Die "Löwen vom Atlas", die im Achtelfinale Spanien den Nerv zogen, erfreuen sich über ihren Kontinent hinaus großer Sympathien. Cafu, der brasilianische Weltmeister von 1994 und 2002, sieht "eine großartige Gelegenheit, die europäische Dominanz zu brechen".

"Wir wollen etwas Historisches schaffen", sagt Walid Regragui ein ums andere Mal. Der gebürtige Franzose hat aus dem marokkanischen Team in kürzester Zeit einen äußerst unangenehmen Gegner für jede Mannschaft geformt. Seit der Amtsübernahme des 46-Jährigen im September kassierte seine Auswahl in sieben Partien nur einen Gegentreffer – das Eigentor beim 2:1 gegen Kanada. Selbst im Elfmeterschießen gegen Spanien war Torhüter Bono nicht zu überwinden. Vor der Nummer eins des FC Sevilla steht eine normalerweise physisch starke, kompromisslose Abwehr. Doch gerade die geht vor dem Duell mit der portugiesischen Offensivmacht am Stock. Die Stars Achraf Hakimi von Paris Saint-Germain und Noussair Mazraoui vom FC Bayern dürften rechtzeitig fit werden. Bei Abwehrchef Romain Saiss und dem Sechser Sofyan Amrabat gibt es noch keine Entwarnung.
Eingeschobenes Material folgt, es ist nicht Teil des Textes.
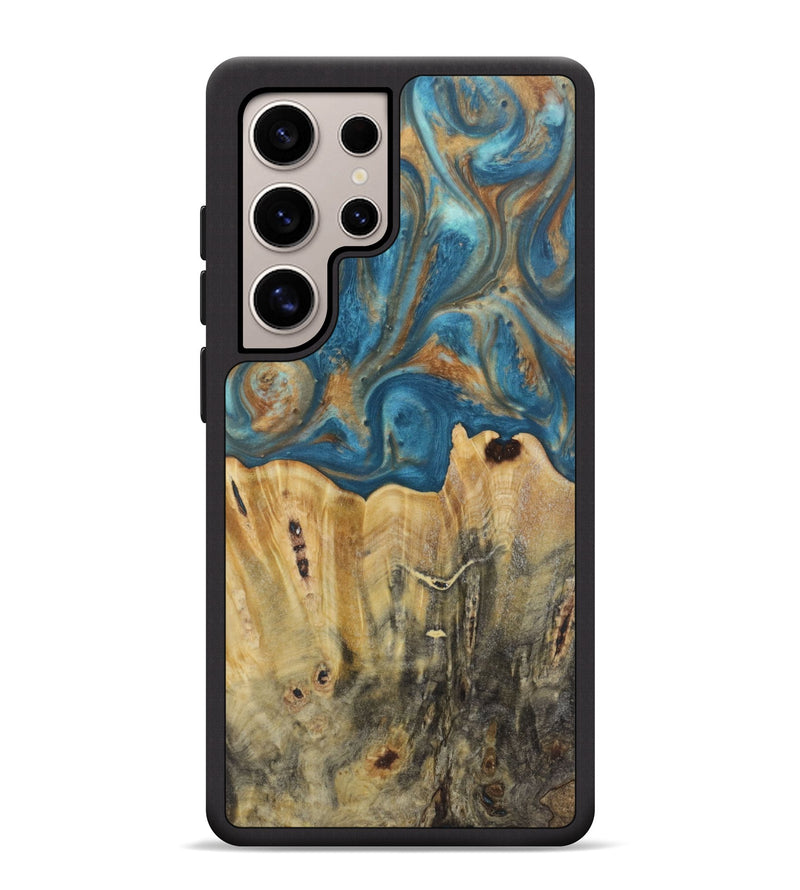 Galaxy S25 Ultra Wood Phone Case - Jermaine (Teal & Gold, 724793)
Sicher fehlen dürfte Innenverteidiger Nayef Aguerd wegen einer Knieverletzung.

In dieser Situation baut Coach Regragui mehr denn je auf die Unterstützung der Fans, die nicht nur im Al-Thumama-Stadion zu Doha in der Überzahl sein werden. "Wir fühlen den positiven Vibe, auch in den sozialen Netzwerken. Ein ganzer Kontinent und auch große Teile der arabischen Welt stehen hinter uns, das ist fantastisch." Portugal habe weniger Schwächen als andere Teams, "aber das hatten auch Spanien, Belgien und Kroatien. Wir müssen optimistisch sein."

CR7 am Hals

Spanien, Belgien und Kroatien hatten auch nicht die "Causa Cristiano Ronaldo" am Hals. Noch am Tag vor dem Viertelfinale sah sich Portugals Coach Fernando Santos genötigt, zum Gerücht Stellung zu nehmen, dass der Rekordinternationale wegen seiner Reservistenrolle im Achtelfinale gegen die Schweiz die Abreise aus Katar erwogen habe. "Er war aus offensichtlichen Gründen nicht sehr glücklich darüber", plaudert Santos quasi aus dem Teamquartier. "Denkst du wirklich, dass das eine gute Idee ist?", habe ihn Ronaldo gefragt. "Ich habe ihm meinen Standpunkt erklärt, er hat es akzeptiert und niemals gesagt, dass er das Team verlassen will", sagte Santos. Es sei höchste Zeit, die Polemik zu beenden und anzuerkennen, was er "für Portugals Fußball getan" hat. Und vielleicht noch tun kann.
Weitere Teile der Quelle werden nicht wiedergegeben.